L’analisi ha incluso 501 pazienti di età pari o inferiore a quaranta anni, operate per carcinoma mammario precoce positivo ai recettori ormonali e con interessamento linfonodale. Tutte avevano completato cinque anni di terapia adiuvante con analogo dell’ormone di rilascio delle gonadotropine e risultavano ancora in premenopausa senza evidenza di malattia. Circa metà delle pazienti ha proseguito la terapia endocrina oltre il quinto anno, per una durata mediana di 3,7 anni, mentre l’altra metà ha interrotto il trattamento ed è stata seguita con i controlli clinici.
Dopo un follow-up mediano di 7,3 anni dal baseline di studio, la sopravvivenza libera da carcinoma mammario invasivo a cinque anni è risultata pari all’85% nel gruppo che ha proseguito la terapia e al 78% nel gruppo che l’ha interrotta, con un hazard ratio di 0,63. La sopravvivenza libera da metastasi a distanza è stata del 91% nel gruppo con terapia estesa e dell’83% nel gruppo senza estensione, con un hazard ratio di 0,49. In entrambi i gruppi fratture ossee ed eventi cardiovascolari maggiori sono stati riportati nell’1% delle pazienti.
Lo studio è frutto della collaborazione tra Istituto Europeo di Oncologia e Harvard University ed è guidato da Carmine Valenza, medico della Divisione nuovi farmaci per terapie innovative dello IEO e ricercatore presso il Dana-Farber Cancer Institute. All’interno dello IEO sono state coinvolte anche la Divisione di senologia medica, diretta da Marco Colleoni, e il team di ricerca coordinato da Elisabetta Munzone. Per il gruppo statunitense hanno partecipato, tra gli altri, Ann Partridge, direttrice del programma di ricerca sul carcinoma mammario nelle giovani pazienti, e Meredith Regan.

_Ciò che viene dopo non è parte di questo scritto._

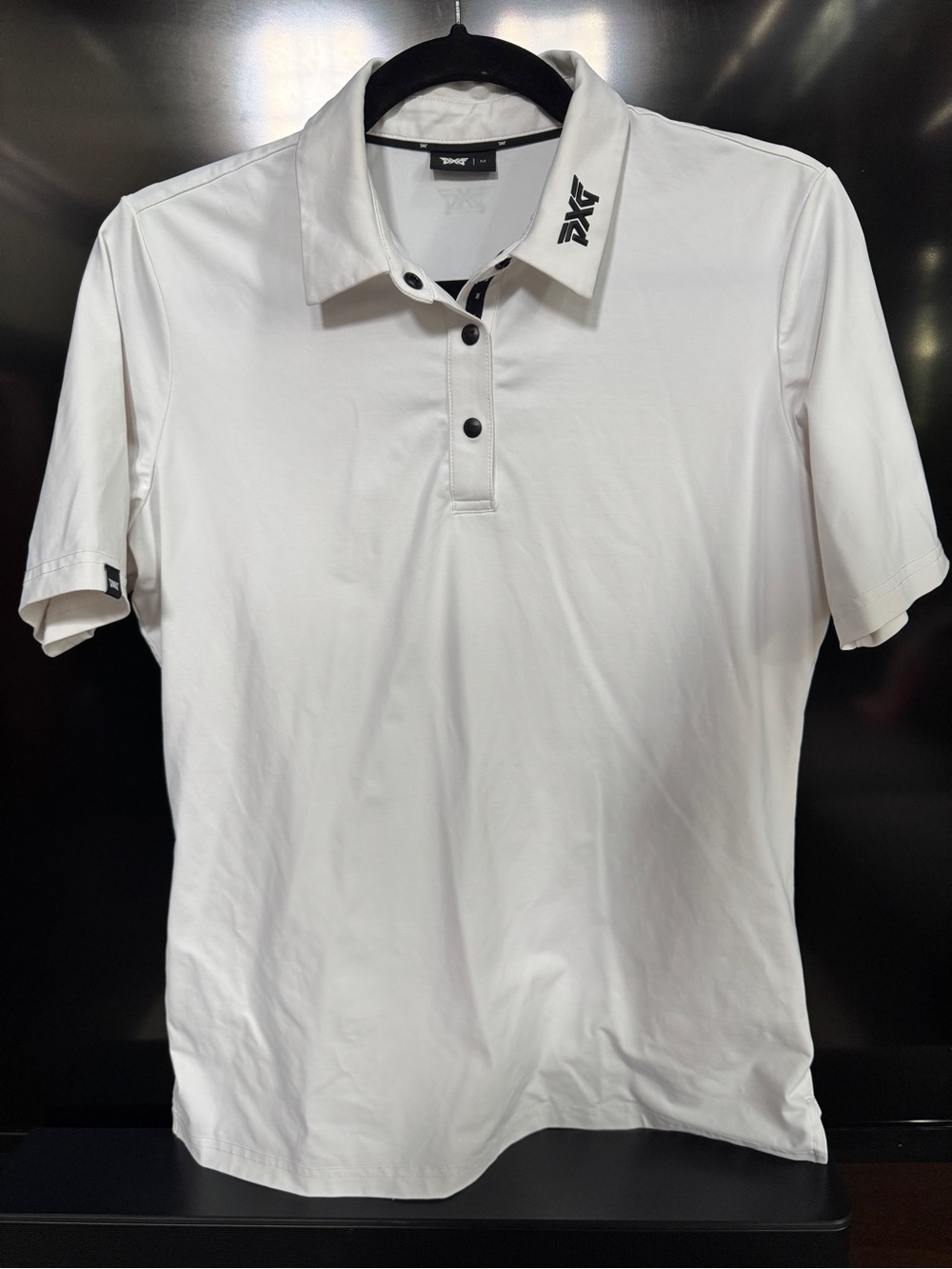 PXG White Performance Polo with Black Accents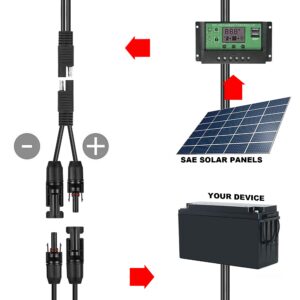 JYFT Solar Panel Connector to SAE Adapter Cable 12AWG 1FT/35CM, Solar to SAE Cable PV Extension Wire for Automobiles, Motorcycles, and Outdoor Solar Installations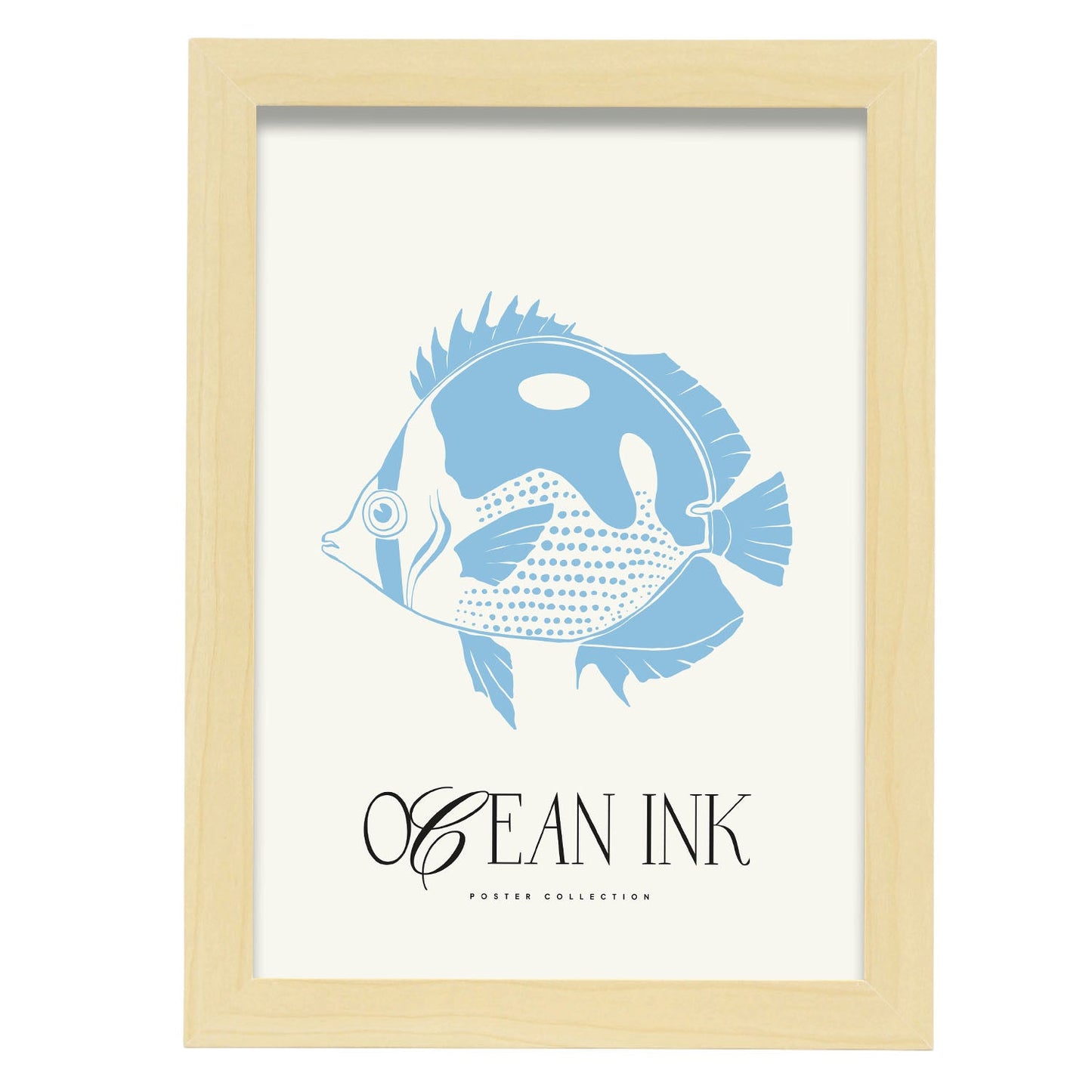 Blue Butterflyfish-Artwork-Nacnic-A4-Marco Madera clara-Nacnic Estudio SL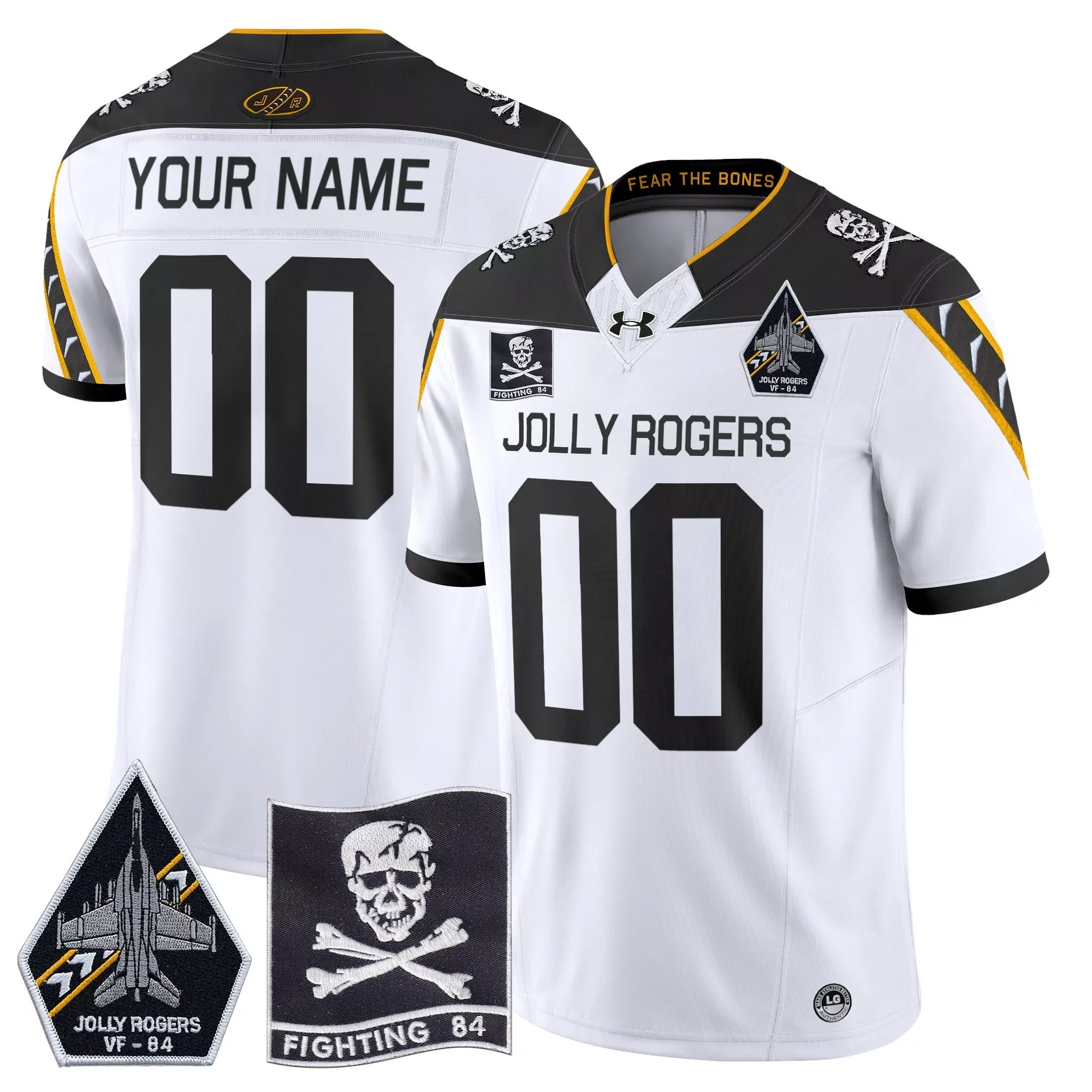 your name 00 men s vapor stitched jersey white jolly rogers vfa 103 2024 embroidered patch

Secondo Valenza, «questo studio è fondamentale perché è il primo che si occupa dell’estensione della terapia adiuvante nelle pazienti più giovani che hanno ricevuto l’LHRH-analogo per cinque anni, e colma quindi una lacuna che si fa sempre più importante con l’aumentare delle diagnosi di tumore mammario nelle under quaranta». Il ricercatore aggiunge che, al termine dei primi cinque anni di trattamento, «non c’erano dati se prolungare la terapia, come nelle pazienti in postmenopausa, o fermarsi e proseguire solo con le visite di controllo. Da oggi finalmente abbiamo una solida base di dati per proporre a ogni paziente la prosecuzione della terapia, tenendo conto del lungo progetto di vita che ha davanti a sé».
Per Giuseppe Curigliano, professore ordinario e responsabile della Divisione nuovi farmaci per terapie innovative dello IEO, «sono orgoglioso di questo risultato, che pone una pietra miliare nel campo del carcinoma mammario nelle pazienti giovani, ancora poco rappresentate negli studi clinici». Curigliano ricorda inoltre che «dal 2014, anno della pubblicazione dello storico studio sulla terapia adiuvante con LHRH-analogo nelle pazienti in premenopausa, la ricerca non aveva più fatto passi avanti in questo settore fondamentale», sottolineando che la pubblicazione su Journal of Clinical Oncology «lascia un segno tangibile sul miglioramento della sopravvivenza delle nostre giovani pazienti».
Lo studio ha un disegno osservazionale di coorte e utilizza un’analisi con ponderazione tramite propensity score. Gli autori concludono che l’estensione della terapia endocrina dopo cinque anni di trattamento con analogo LHRH è associata a una riduzione clinicamente significativa delle recidive invasive e delle metastasi a distanza nelle pazienti in premenopausa con malattia a rischio.